● **WHAT YOU WILL DO**: Print each line below verbatim, skipping every picture.

● **DATA PROVIDED**:
**********

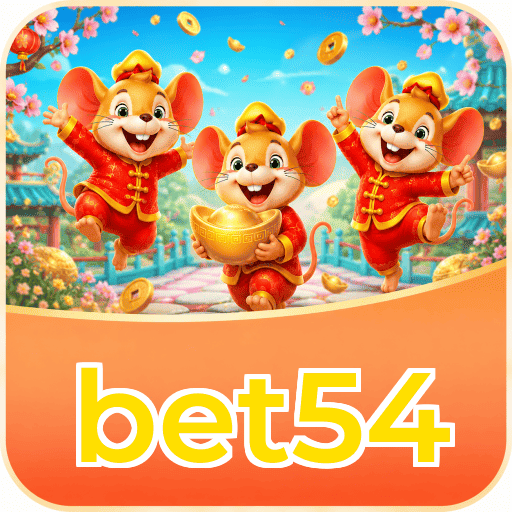 bet54 Logo Oficial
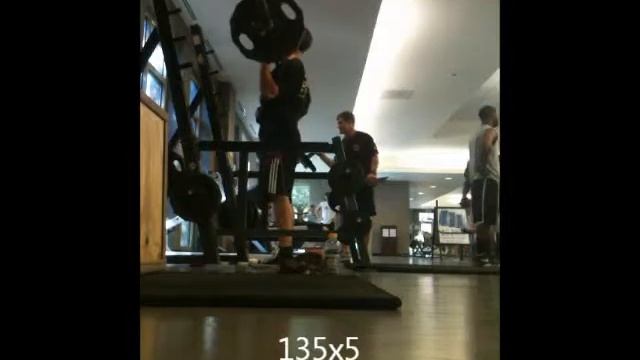 Prilepin Week 4 Bench смотреть онлайн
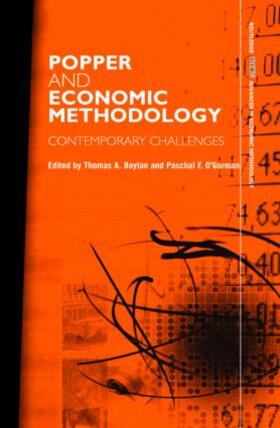 Boylan / O'Gorman | Popper and Economic Methodology | Buch | 978-0-415-32339-0 | sack.de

**********

● **RESPONSE TO THE EXERCISE**:
 bet54 Logo Oficial
 Prilepin Week 4 Bench смотреть онлайн
 Boylan / O'Gorman | Popper and Economic Methodology | Buch | 978-0-415-32339-0 | sack.de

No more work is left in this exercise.